I like that! ...might try to incorporate into a tombstone, since they are up next on the build list anyway.


----------



## niblique71 (Dec 2, 2009)

That's too cool... I did the eyeball trick and Loved the results...The whole skull will be fun to try. Thanks for posting Homey


----------



## diggerc (Feb 22, 2006)

anybody know how it's lighted?


----------



## HomeyDaClown (Oct 3, 2009)

The jello mold used and the ones I have are thin white plastic, just like a stiff old kids mask. Just about any diffused light would work spaced behind it enough to light up the whole face evenly. 
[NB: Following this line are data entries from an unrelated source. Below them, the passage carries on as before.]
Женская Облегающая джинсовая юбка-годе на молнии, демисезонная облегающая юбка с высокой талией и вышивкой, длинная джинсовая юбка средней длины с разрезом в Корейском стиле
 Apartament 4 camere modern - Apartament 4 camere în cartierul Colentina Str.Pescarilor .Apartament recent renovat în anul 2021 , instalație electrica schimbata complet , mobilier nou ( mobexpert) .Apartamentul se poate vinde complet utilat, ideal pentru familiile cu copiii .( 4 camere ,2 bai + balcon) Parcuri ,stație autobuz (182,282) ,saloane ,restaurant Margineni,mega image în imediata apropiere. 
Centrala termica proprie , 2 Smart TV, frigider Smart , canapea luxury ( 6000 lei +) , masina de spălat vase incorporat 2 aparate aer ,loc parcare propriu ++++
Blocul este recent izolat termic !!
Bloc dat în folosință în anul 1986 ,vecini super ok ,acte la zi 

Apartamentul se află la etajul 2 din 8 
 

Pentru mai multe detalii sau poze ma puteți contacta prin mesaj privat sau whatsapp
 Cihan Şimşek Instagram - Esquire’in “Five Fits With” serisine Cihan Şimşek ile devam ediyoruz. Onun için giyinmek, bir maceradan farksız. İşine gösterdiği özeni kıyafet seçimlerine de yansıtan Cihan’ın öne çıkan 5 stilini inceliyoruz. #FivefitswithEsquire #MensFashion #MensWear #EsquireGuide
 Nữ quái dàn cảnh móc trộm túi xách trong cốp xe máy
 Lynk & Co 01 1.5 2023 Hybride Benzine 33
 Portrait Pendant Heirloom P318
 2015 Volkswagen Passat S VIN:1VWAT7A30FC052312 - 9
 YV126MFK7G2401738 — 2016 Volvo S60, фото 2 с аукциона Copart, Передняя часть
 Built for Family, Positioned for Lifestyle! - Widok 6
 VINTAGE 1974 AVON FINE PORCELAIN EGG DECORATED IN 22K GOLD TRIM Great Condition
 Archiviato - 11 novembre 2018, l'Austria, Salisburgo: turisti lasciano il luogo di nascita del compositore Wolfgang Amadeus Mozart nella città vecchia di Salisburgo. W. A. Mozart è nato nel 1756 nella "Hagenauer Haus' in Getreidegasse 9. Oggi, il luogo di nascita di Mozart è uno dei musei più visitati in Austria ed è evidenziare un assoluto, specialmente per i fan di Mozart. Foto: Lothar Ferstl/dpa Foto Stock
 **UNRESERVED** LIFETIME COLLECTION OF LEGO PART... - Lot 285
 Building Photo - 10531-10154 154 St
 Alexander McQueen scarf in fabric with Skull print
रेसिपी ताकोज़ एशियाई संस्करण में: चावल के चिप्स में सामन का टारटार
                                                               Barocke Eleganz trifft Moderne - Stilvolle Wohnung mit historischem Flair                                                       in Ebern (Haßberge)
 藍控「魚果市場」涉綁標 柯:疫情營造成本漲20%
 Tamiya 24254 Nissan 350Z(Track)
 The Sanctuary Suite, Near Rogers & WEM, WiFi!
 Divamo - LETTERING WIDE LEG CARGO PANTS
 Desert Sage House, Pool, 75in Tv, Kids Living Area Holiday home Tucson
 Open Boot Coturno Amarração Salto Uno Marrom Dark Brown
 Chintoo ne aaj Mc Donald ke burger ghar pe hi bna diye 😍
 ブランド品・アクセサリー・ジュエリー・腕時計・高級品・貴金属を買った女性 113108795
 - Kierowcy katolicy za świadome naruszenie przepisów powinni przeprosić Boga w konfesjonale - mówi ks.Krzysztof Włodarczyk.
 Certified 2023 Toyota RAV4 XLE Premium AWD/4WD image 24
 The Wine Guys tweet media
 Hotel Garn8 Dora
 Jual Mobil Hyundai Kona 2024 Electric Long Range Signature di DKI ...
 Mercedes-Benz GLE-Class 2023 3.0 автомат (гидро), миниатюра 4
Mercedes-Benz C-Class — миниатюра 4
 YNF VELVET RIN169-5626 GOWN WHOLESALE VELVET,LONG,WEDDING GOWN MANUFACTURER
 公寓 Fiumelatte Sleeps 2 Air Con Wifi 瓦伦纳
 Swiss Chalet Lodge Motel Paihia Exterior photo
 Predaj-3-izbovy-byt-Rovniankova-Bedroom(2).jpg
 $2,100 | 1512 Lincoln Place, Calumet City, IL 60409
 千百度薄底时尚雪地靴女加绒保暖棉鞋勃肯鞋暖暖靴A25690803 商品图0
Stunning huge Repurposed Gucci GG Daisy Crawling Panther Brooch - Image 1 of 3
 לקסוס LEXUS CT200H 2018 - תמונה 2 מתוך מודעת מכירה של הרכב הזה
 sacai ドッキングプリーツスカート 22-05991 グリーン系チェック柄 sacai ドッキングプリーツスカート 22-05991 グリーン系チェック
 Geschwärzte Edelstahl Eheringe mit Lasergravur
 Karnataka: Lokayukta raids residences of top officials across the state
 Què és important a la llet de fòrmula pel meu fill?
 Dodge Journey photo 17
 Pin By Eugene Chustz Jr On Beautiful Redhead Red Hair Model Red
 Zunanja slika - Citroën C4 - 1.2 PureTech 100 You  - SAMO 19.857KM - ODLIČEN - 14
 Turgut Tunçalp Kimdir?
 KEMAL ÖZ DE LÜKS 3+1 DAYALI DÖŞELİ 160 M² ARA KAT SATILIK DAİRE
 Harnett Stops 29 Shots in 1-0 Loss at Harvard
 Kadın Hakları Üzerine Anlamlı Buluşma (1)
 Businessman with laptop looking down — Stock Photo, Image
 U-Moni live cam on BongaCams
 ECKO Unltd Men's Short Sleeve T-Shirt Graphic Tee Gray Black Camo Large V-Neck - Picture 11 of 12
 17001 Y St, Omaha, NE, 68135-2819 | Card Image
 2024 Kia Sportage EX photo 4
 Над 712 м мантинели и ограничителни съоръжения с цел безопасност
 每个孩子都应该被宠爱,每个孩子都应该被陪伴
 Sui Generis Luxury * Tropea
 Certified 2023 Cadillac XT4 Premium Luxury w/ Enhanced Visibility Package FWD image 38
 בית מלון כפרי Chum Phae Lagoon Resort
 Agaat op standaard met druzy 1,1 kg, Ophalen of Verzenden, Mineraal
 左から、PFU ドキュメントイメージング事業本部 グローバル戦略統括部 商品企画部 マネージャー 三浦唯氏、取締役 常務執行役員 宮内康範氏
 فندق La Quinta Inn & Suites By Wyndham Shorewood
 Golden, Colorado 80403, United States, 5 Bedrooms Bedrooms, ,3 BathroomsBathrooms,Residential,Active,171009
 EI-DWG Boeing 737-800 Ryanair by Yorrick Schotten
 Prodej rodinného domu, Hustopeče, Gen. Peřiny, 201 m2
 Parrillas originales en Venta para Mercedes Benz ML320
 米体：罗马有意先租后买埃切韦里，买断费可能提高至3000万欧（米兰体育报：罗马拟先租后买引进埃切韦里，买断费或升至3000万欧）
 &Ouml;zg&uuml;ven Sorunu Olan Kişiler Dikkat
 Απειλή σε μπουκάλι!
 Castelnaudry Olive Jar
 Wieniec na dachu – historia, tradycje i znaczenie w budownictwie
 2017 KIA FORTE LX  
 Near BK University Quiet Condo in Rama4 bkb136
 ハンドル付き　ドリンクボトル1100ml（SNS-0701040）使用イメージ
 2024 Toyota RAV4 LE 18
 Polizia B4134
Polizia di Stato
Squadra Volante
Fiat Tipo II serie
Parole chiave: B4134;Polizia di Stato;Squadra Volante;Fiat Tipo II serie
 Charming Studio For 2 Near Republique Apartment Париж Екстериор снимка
I've got a few 2 watt 110 Volt LED bulbs that have just the right color (no blue) for this. I'll cover them with translucent containers (round crystal light ones) to help diffuse the light a bit.

Building two columns for the entrance to our cemetery scene and I want to stuff a moving face in each one.


----------



## fontgeek (Jul 24, 2006)

The hard bart I see with using the cake or jello mold is that it probably has a fully formed face, which means that you will have shadows and features that are static while your "motion" goes on.


----------



## HomeyDaClown (Oct 3, 2009)

The whole thing is static, it is your mind playing tricks that makes it work. You want some shadows to distinguish the features. I may even darken a few features (lines) to increase the contrast a bit.


----------



## The Halloween Lady (Aug 18, 2010)

That's really nifty!!!!! I want to try this one..... along with about a hundred other things. lol


----------



## fontgeek (Jul 24, 2006)

Sorry Homey, I thought you were talking about projecting a moving face onto a static head-form, when in fact, you are trying to replicate the rotating busts from "The Haunted Mansion" attraction.


----------



## hpropman (Jul 27, 2008)

great use for the jello mold


----------